According to court documents, ALF residents referred to HCSN by Rivero, Martinez, and Perez were not qualified to be placed in PHP and were only selected because they had Medicare or state of Florida Medicaid benefits. In some cases, ALF patients suffered from dementia, Alzheimer’s disease, mental retardation, or were otherwise unable to benefit from mental health services.
According to court documents, Joslin, a licensed psychologist, was hired by HCSN in North Carolina in April 2010 as a clinical coordinator and later promoted to clinical director. In those roles, she conspired with other HCSN employees to fabricate medical documents to substantiate alleged PHP treatment that was medically unnecessary and, in many instances, not even provided to the beneficiaries. Joslin admitted that many of the HCSN patients were unqualified for the PHP program because they suffered from conditions such as mental retardation and dementia and that she directed therapists to fabricate medical records to support HCSN’s fraudulent billing to the Medicare program. Joslin was also required to surrender her North Carolina license to provide mental health treatment as part of her plea agreement.

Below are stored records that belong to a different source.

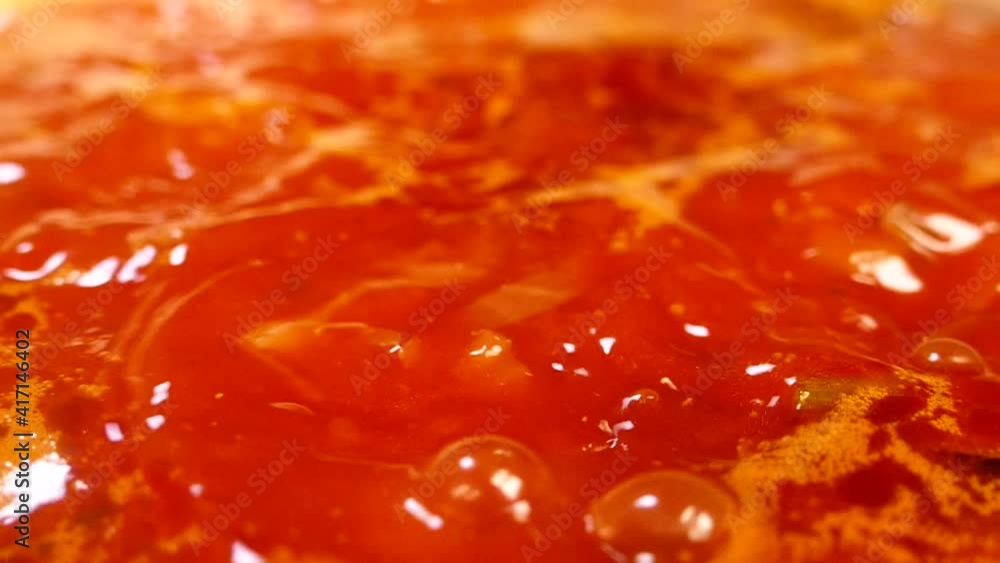 Liquid red dish boils in a pan. Ukrainian borsch. Stew with vegetables and table beets and carrots. Liquid red dish boils in a pan. Ukrainian borsch. Stew with vegetables and table beets and carrots.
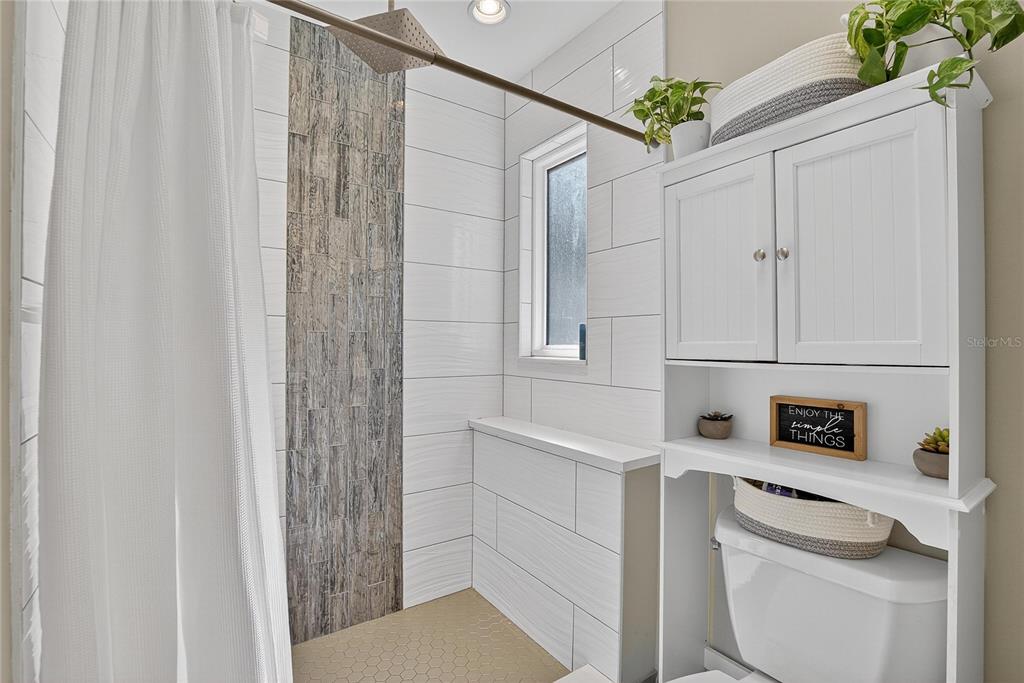 3309 Timberlee Road Wimauma, FL 33598 - Photo 20 of 55 a bathroom with a sink a toilet and shower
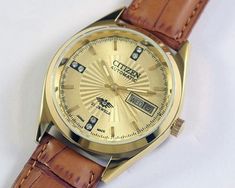 Vintage Citizen Eagle 7 Automatic Japan Mens Wrist watch gold dial mechanical 21J day date gold plated gift for men for him This restored vintage watch has undergone professional cleaning, polishing, servicing, and oiling and is now ready to use  . Watch case diameter is 35mm without the crown and the lug size is 18mm . The watch features a new aftermarket dial, hands and band/strap, while retaining its original case and movement. . Provided pictures are an integral part of the item description, 1980s Bands, Steel Gifts, Wristwatch Men, Watch Case, Wrist Watches, Gift For Men, Vintage Watches, Silver Watch, Gold Watch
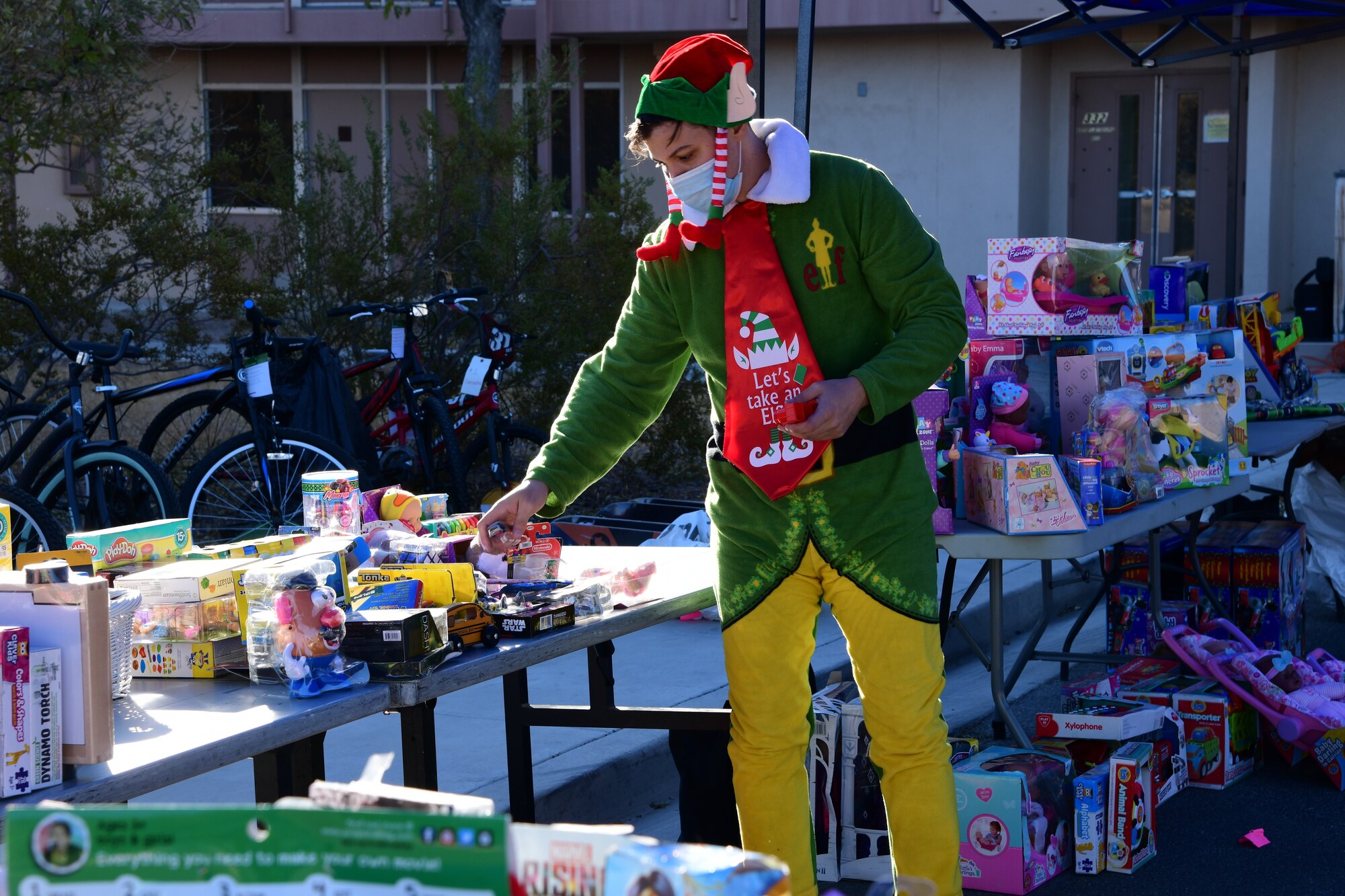 Santa's elf, Tech. Sgt. Charles Shaw, 926th Wing volunteer, is getting into the spirit while organizing and displaying everything to prepare for the 926th Wing Airman and Family Readiness Operation Holiday Hope event, Dec. 5, 2020 at Nellis Air Force Base, Nev. (U.S. Air Force photo by Staff Sgt. Paige Yenke)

According to court documents, from 2004 through 2011, HCSN billed Medicare and the Florida Medicaid program approximately $63 million for purported mental health services.
In addition to the prison terms, Judge Altonaga sentenced Joslin, Rivero, Martinez, and Perez each to serve three years of supervised release and ordered them to pay $4,464,728; $90,896; $76,358; and $89,245 in restitution, respectively.
The cases are being prosecuted by Special Trial Attorney William Parente and Trial Attorney Allan J. Medina of the Criminal Division’s Fraud Section. The cases were investigated by the FBI and HHS-OIG and were brought as part of the Medicare Fraud Strike Force, supervised by the Criminal Division’s Fraud Section and the U.S. Attorney’s Office for the Southern District of Florida.
Since its inception in March 2007, the Medicare Fraud Strike Force, now operating in nine cities across the country, has charged more than 1,480 defendants who have collectively billed the Medicare program for more than $4.8 billion. In addition, HHS’s Centers for Medicare and Medicaid Services, working in conjunction with HHS-OIG, is taking steps to increase accountability and decrease the presence of fraudulent providers.